One interesting political note
Rignot works for NASA, which has recently been embroiled in controversy over whether political appointees there had tried to silence NASA climate scientist Jim Hansen from voicing his opinions. According to Time Magazine, when Rignot was asked if anyone at NASA had tried to shut him up, he said he had not been subjected to any such pressure.

The University of Colorado has a nice image showing where Greenland melted in 2005, and which areas melted for the first time.

Jeff Masters

References
Box, J.E., D.H. Bromwich, and L-S Bai, 2004. Greenland ice sheet surface mass balance 1991-2000: Application of Polar MM5 mesoscale model and in situ data. J. Geophys. Res., 109, D16105, doi:10.1029/2003JD004451.

Chylek, P, J.E. Box, and G. Lesins, "Global Warming and the Greenland Ice Sheet", Climatic Change 63:, 201-204, 2004.

Gregory, J.M., Huybrechtsm, P., and Sarah C. B. Raper, "Threatened loss of the Greenland ice-sheet", Nature 428, 616 (8 April 2004) | doi:10.1038/428616.

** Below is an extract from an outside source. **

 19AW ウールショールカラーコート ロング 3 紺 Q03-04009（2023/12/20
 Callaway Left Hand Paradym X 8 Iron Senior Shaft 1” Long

Johannessen, O.M., et. al, "Recent Ice-Sheet Growth in the Interior of Greenland", Science, 310: 1013-1016, 11 November 2005; published online 20 October 2005 [DOI: 10.1126/science.1115356]

Cuffey, K.M., and S.J. Marshall, "Substantial contribution to sea-level rise during the last interglacial from the Greenland ice sheet," Nature, 404, 591-594 (2000).

Mitrovica, J.X., Tamislea, M.E., Davis, J.L., and G.A. Milne, "Recent Mass Balance of Polar Ice Sheets Inferred from Patterns of Global Seas-Level Change", Nature 409, 1026-1029, 2001.